News Story
UMD Researchers Help Measure DART’s Success
Last September, NASA intentionally crashed a probe into the surface of a moon orbiting the asteroid Didymos in order to help ascertain whether similar procedures could be used to deflect space objects on a collision course with Earth.
Scientists, including UMD aerospace engineering postdoctoral researcher Yun Zhang and colleagues at the UMD astronomy department, have since been parsing data gleaned from the mission. Their findings have now been published in a series of five papers appearing in Nature.
A key takeaway is that the idea worked. As Johns Hopkins Applied Physics Laboratory (APL) planetary scientist R. Terik Daly and his co-authors demonstrate in their paper, the moon Dimorphos’s orbit changed as a result of being struck by the DART probe. Another paper, with APL scientist Andrew F. Cheng as the lead author, details the momentum transfer that occurred as the probe smashed into the moon’s surface.
Analysis of the DART data “demonstrates that kinetic impact is a viable technique to deflect an asteroid,” said UMD’s Zhang, a contributor to both papers. “DART impacted Dimorphos at a site within 25m of its geometric center. The momentum transferred to Dimorphos from DART is estimated to be more than twice DART’s momentum, due to the recoil force from impact ejecta.

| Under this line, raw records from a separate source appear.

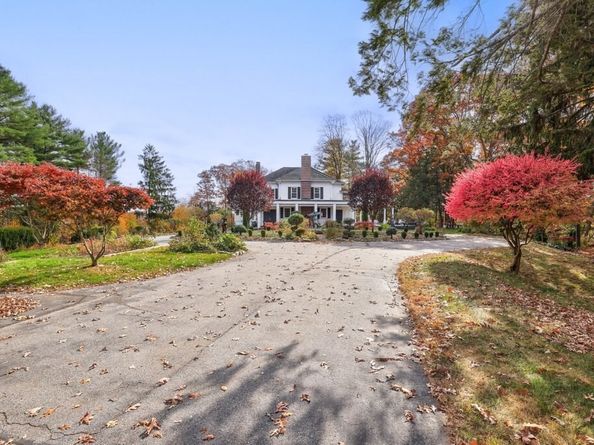 11 Ardlock Pl, Dudley MA 01571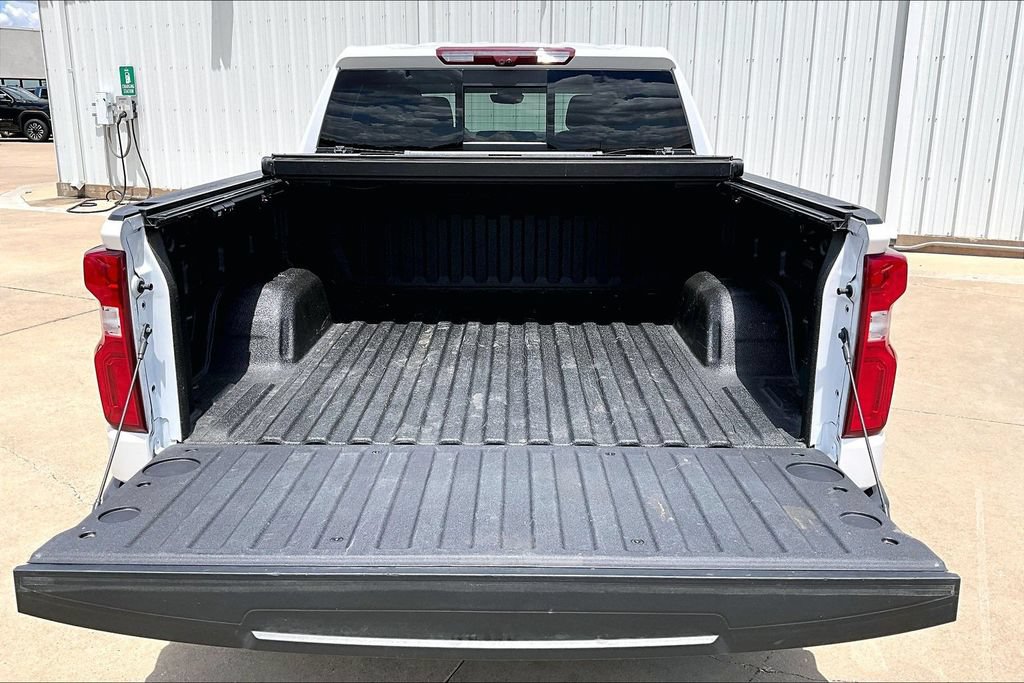 Used 2023 Chevrolet Silverado 1500 LTZ w/ Technology Package AWD/4WD image 33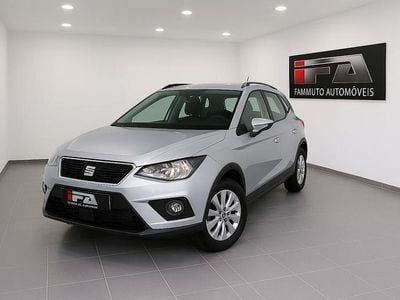 Cinzento Usado 2020 Seat Arona SUV | € 16.500 (Preço justo)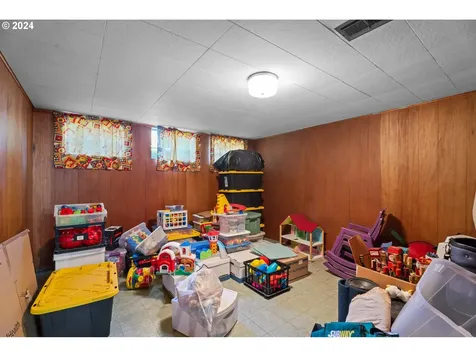 8633 NE Milton Street Portland OR 97220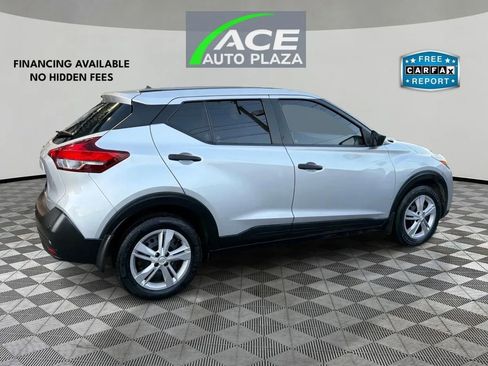 Used 2020 Nissan Kicks S image 5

This suggests that the DART kinetic impact was highly effective in modifying Dimorphos’s orbit around Didymos."
Based at UMD’s Planetary Surfaces and Spacecraft Lab, which is led by Professor Christine Hartzell, Zhang has previously been involved in modeling the asteroid Bennu. Her specific role in the Nature studies was to interpret the density of the target based on her previous work on asteroids, thus enabling the team to obtain a more accurate estimate of the momentum transfer from the probe as it impacted the moon. Drawing from her Bennu research, she also provided insights concerning the moon’s geophysical features. “Observations during and following the DART impact provide important information on the geological features of this binary system and the dust dynamical evolution in such an environment. In my further studies, I want to understand how this binary system formed in the first place,” she said.
Besides demonstrating the feasibility of knocking space objects off a collision course with Earth, DART was important in another way: the information gained from the mission can be used to calibrate and validate numerical models and simulations that scientists in the future can use before a deflection mission is launched.
“With an improved understanding of an asteroid’s structural response to impact, before undertaking any physical maneuver to deflect an asteroid, the scientists can run simulations first to predict the outcome and assess the deflection efficiency,” she explained.
The need for effective methods of asteroid avoidance has been an ongoing topic of concern for the space community, and increasingly for lawmakers as well. In 2005, the U.S. Congress passed legislation directing NASA to carry out a comprehensive survey of near-earth space objects and devise methods for deflecting them. An asteroid collision is thought to have triggered the extinction of all non-avian dinosaurs, and even a smaller-scale collision in the future could wreak havoc on the Earth’s biosphere.
Space researchers, including authors of the Nature papers, stress that collision scenarios remain highly unlikely in the near future. In February, the European Space Agency detected an asteroid measuring around 50 m that could hit Earth in 2046, but the likelihood is considered slim.